• _Directions_
Copy out exactly, from the entries that follow, the line holding "Men's/ Unisex Heavy Cotton T-Shirt Thumbnail", the line holding "stefano Resegup_2019_Arrivi_B-251", and all lines between them, but no pictures.
[Dataset extract — start]
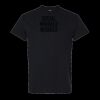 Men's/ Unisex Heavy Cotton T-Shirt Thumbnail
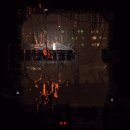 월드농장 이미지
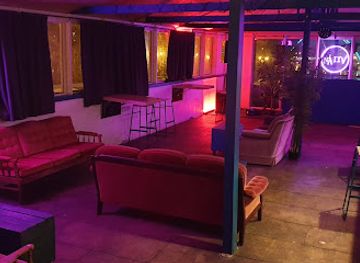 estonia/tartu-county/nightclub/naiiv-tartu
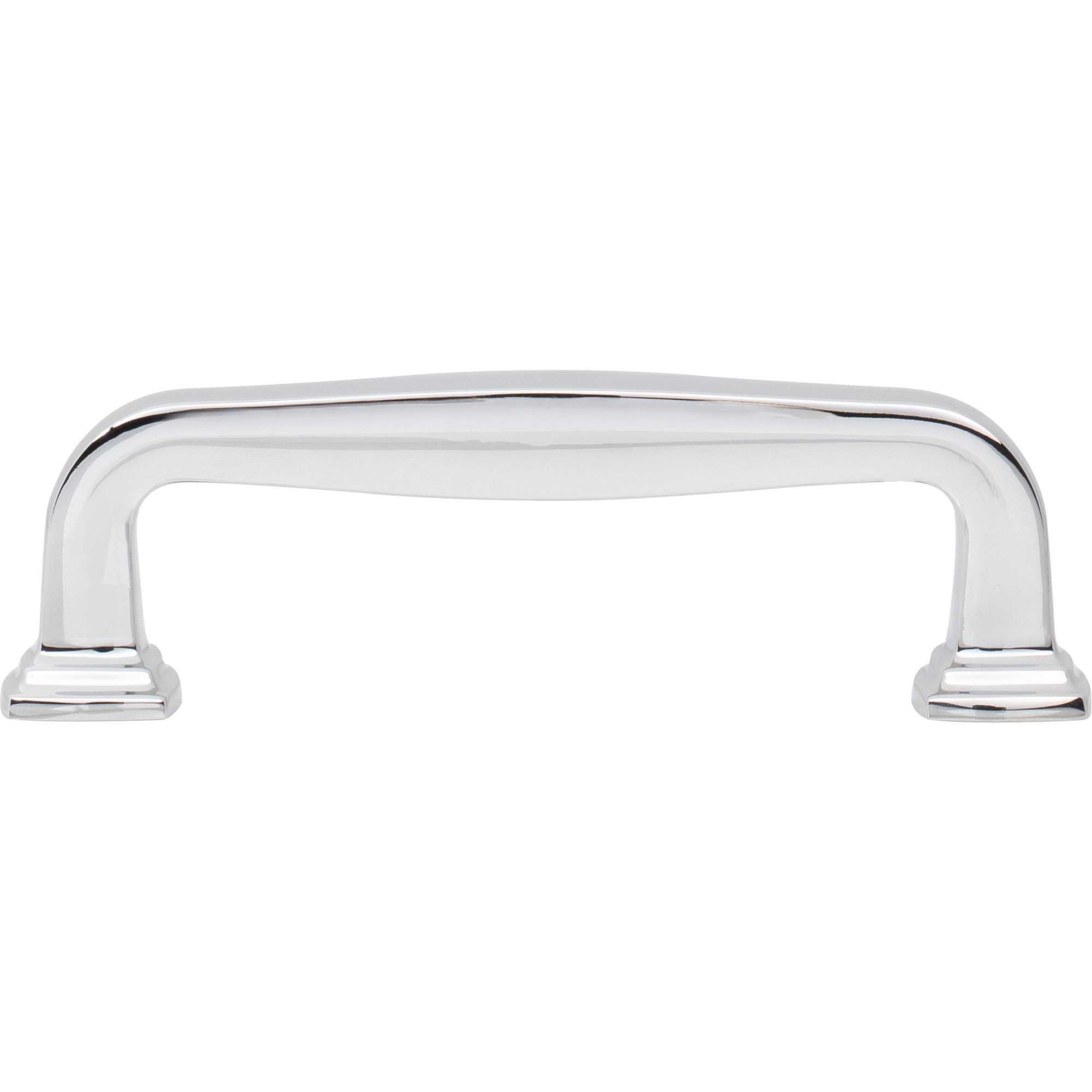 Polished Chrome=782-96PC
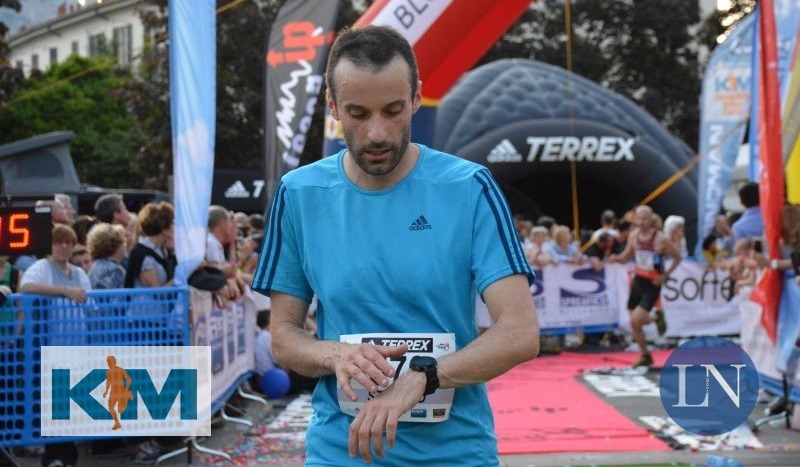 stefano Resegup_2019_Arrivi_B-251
[Dataset extract — finish]
[Dataset extract — start]
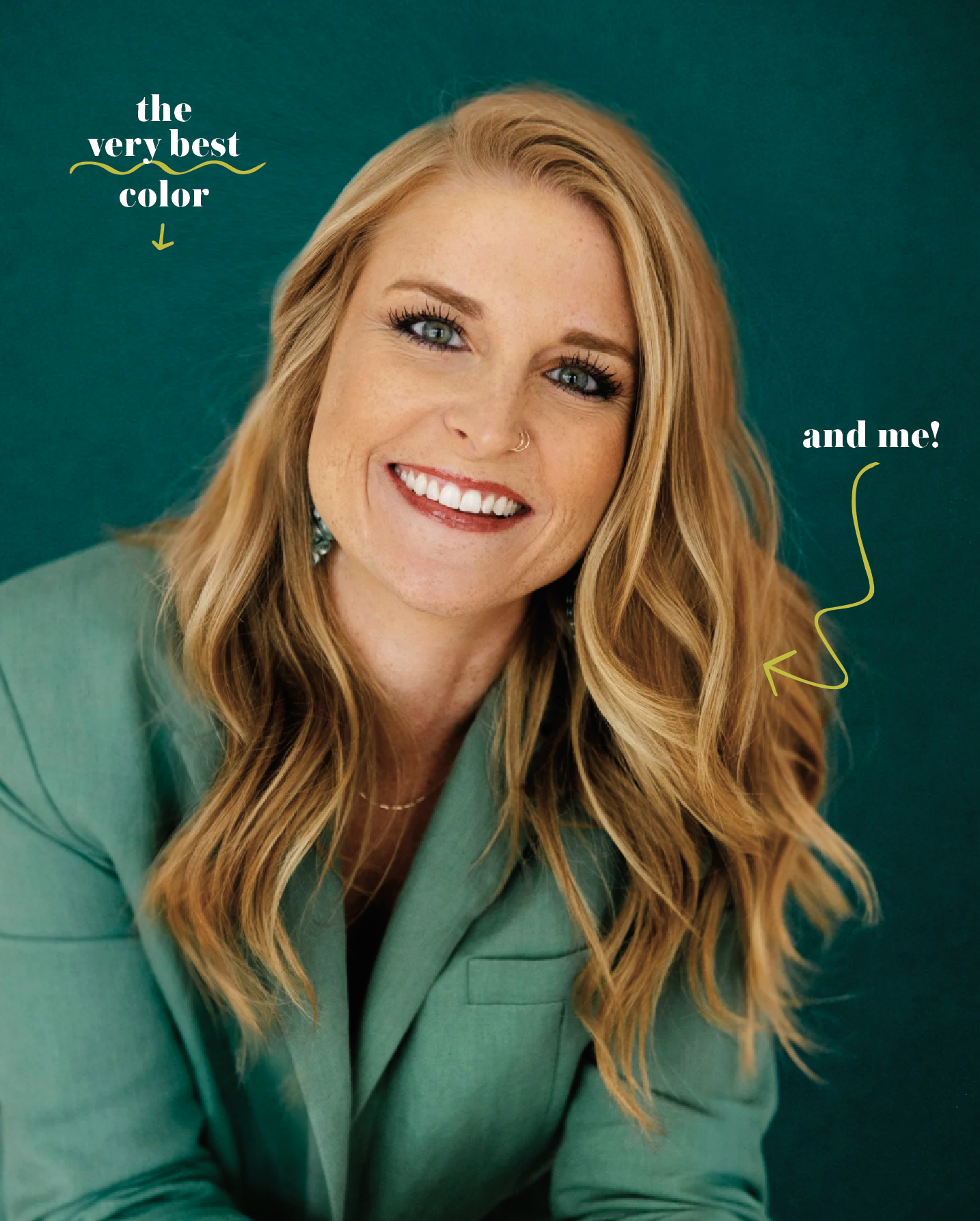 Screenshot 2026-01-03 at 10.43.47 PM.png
[Dataset extract — finish]
• _Answer_
 Men's/ Unisex Heavy Cotton T-Shirt Thumbnail
 월드농장 이미지
 estonia/tartu-county/nightclub/naiiv-tartu
 Polished Chrome=782-96PC
 stefano Resegup_2019_Arrivi_B-251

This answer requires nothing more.